Roxby figured he would start his professional career in Arizona at extended spring training. But his instructional league performance – and the sweeping slider no one has seen before – landed him in the working group of players that would likely start this season at low-A Daytona. Then a few days before the end of spring training he was assigned to high-A Dayton.

“It’s the ultimate confidence booster, honestly,” Roxby said of his pitch.

Roxby is a right hander, so the slider runs away from right-handed batters. He can start it over the plate and it breaks off the plate. Or he can start it at the batter’s hip and break it over the plate. Left-handers get the backdoor treatment.

“It looks away, away, away to a lefty and then all the sudden it ends up over the middle and they just don’t pull the trigger,” Garman said.

Roxby learned the pitch on a summer travel team before heading to college. He began throwing it more his junior season with some success. Now that the new baseball technology tools have helped him understand his weapon, he throws no less than 60 percent of the time. And he doesn’t go to the mound wondering if we will throw strikes.

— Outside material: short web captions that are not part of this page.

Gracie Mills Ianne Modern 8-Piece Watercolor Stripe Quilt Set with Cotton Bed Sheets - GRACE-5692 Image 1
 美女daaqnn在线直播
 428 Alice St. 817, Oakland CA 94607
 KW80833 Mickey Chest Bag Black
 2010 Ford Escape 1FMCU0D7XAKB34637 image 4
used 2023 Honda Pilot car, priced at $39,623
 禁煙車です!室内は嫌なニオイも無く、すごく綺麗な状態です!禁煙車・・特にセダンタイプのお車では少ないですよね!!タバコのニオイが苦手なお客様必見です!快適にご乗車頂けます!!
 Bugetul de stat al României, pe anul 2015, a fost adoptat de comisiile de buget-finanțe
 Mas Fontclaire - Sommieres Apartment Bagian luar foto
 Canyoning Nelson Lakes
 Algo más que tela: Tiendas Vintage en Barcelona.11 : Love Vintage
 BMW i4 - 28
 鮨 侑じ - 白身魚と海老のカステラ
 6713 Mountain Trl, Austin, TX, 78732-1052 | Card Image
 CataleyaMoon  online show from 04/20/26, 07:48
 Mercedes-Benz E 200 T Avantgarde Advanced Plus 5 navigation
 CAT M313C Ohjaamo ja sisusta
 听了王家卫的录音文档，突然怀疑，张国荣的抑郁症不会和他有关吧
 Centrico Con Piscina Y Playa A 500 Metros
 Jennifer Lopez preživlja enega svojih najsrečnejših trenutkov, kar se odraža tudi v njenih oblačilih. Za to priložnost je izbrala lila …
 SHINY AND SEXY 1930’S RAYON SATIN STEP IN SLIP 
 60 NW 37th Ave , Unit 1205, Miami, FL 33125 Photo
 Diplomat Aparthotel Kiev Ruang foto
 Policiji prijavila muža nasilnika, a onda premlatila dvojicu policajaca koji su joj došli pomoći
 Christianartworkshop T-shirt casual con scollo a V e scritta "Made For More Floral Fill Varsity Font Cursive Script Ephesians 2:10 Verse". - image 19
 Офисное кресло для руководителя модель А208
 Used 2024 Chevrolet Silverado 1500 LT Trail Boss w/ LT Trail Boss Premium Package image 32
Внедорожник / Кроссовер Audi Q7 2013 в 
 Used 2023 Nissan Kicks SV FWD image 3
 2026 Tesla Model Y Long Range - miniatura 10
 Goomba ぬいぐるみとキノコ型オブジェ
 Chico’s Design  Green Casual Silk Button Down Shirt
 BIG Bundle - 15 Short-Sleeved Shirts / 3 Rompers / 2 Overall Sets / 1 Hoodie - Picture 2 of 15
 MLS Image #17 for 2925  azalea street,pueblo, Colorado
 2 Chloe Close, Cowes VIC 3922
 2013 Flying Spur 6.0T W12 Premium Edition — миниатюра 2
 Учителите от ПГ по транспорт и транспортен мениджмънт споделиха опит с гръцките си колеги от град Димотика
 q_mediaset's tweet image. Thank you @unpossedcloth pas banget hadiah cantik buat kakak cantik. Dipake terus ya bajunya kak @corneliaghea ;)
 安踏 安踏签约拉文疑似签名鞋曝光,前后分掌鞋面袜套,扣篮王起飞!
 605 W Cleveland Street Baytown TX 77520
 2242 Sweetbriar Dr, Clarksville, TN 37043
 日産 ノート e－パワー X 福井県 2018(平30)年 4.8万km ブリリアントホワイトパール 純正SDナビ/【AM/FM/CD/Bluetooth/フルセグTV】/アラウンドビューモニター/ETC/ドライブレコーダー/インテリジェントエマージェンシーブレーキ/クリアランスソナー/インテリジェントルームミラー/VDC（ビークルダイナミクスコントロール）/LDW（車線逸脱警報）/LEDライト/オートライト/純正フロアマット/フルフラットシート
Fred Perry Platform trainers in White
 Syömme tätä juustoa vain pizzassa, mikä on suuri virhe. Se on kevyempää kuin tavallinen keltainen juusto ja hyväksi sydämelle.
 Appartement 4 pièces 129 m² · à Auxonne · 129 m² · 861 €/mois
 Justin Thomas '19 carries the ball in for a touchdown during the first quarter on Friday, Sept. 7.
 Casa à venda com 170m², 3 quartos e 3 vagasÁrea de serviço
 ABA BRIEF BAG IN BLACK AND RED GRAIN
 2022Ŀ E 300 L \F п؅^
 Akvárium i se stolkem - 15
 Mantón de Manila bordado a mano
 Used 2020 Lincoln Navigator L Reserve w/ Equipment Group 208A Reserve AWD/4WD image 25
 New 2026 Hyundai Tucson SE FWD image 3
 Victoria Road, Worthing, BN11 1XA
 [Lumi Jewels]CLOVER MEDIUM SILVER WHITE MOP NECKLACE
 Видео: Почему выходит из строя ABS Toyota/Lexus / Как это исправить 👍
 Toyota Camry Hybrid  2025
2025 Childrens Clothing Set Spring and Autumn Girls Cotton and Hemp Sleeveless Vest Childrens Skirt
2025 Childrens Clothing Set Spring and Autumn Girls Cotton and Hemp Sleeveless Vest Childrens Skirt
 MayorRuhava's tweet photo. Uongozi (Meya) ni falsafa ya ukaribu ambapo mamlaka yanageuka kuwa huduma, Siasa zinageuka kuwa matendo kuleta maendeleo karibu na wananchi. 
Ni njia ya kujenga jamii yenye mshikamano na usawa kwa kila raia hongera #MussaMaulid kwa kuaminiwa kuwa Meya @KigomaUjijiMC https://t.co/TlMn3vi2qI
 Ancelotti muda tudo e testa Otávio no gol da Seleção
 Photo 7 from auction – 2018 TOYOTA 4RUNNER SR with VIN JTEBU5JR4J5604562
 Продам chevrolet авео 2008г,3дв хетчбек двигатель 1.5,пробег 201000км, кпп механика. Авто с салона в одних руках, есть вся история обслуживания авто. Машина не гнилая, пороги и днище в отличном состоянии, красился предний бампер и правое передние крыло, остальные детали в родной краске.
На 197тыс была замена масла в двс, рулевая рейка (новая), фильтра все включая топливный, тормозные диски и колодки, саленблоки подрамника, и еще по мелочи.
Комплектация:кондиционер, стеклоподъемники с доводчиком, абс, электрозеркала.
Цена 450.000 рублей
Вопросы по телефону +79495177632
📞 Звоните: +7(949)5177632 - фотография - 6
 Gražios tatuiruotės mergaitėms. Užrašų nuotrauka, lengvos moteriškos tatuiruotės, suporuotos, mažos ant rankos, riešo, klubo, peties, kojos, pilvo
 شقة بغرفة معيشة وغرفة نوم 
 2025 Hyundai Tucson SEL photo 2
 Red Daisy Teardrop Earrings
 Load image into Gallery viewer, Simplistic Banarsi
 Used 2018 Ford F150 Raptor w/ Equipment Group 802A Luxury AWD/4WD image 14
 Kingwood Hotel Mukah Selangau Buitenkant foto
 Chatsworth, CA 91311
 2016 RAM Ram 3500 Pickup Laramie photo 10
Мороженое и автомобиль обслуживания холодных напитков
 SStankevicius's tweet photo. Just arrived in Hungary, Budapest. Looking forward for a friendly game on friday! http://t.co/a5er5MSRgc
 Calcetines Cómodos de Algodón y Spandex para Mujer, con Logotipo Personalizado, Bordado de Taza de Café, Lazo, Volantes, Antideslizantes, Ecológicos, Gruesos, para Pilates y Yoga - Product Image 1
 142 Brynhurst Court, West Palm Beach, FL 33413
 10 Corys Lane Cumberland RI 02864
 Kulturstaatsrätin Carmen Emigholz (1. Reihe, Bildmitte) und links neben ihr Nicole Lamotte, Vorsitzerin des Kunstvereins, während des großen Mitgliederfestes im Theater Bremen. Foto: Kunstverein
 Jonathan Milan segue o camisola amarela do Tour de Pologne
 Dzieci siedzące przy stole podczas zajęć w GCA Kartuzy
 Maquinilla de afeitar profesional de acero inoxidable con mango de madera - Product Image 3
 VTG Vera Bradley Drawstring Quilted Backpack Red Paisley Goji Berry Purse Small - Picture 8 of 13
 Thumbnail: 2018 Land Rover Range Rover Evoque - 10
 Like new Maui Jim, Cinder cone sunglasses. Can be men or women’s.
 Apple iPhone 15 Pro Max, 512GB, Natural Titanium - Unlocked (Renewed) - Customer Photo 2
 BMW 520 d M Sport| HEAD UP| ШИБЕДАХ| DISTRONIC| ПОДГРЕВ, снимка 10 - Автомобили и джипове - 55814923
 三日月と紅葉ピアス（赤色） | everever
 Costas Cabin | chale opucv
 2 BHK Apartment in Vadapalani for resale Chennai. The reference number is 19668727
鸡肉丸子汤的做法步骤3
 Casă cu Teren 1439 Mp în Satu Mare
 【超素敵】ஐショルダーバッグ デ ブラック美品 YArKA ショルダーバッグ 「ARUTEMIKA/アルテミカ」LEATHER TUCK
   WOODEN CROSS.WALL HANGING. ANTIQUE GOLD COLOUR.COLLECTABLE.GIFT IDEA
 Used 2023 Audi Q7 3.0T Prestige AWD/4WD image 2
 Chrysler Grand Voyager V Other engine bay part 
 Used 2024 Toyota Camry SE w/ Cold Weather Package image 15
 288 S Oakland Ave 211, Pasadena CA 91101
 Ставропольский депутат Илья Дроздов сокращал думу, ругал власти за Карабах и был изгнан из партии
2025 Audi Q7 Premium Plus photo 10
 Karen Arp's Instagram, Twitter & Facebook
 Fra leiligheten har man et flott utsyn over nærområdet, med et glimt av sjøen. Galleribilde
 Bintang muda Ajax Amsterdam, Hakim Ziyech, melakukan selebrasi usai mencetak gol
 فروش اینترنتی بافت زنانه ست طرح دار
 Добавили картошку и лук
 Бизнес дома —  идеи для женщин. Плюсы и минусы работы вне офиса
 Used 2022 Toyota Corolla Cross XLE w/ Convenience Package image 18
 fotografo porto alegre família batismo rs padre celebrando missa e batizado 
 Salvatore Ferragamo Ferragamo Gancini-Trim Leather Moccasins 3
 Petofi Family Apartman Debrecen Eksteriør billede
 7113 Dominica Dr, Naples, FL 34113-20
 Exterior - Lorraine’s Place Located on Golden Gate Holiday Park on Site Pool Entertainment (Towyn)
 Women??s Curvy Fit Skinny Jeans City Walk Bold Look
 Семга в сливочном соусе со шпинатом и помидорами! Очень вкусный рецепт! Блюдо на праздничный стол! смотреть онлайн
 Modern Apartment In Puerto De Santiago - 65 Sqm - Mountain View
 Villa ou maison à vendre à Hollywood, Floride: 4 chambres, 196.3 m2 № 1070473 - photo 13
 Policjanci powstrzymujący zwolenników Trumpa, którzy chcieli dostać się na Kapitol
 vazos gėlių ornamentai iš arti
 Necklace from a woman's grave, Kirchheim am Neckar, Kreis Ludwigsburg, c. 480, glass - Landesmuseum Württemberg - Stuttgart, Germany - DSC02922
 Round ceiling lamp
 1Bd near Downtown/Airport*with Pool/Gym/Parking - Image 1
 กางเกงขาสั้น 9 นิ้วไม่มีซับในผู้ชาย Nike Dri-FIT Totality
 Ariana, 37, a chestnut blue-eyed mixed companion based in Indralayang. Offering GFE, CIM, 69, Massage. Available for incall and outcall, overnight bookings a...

“It’s a pitch I’ve commanded so well,” he said. “I’m super confident where I’m going to throw that pitch. On top of it being a better pitch for me and sequencing hitters, at the same time I’m in the zone more with it. I’m able to get it over the plate and throw it where I want.”

Roxby’s other go-to pitch is a four-seam fastball that has climbed into the mid-90s and naturally cuts away from right-handers. So he’s developing a one-seam fastball designed to cut in on right-handers. It’s known as a seam-shifted wake.

“The plan is to keep guys from diving for the slider,” Garman said. “It has to keep them honest, it will brush them back and then it opens up the opportunity to throw the slider later.”

Roxby likes being a reliever and is following an organization motto to be great at what he’s good at – the slider and the two fastballs. If there’s something in his stat line he wants to improve, it would be to walk fewer and hit fewer batters. He’s walked eight and hit five, but those numbers aren’t making him shy away for the new fastball that sometimes gets him behind in the count.

“I’m using this time to not only compete with my best stuff,” Roxby said, “but to develop and figure out the pitcher that I’m going to be in the big leagues or at the next level.”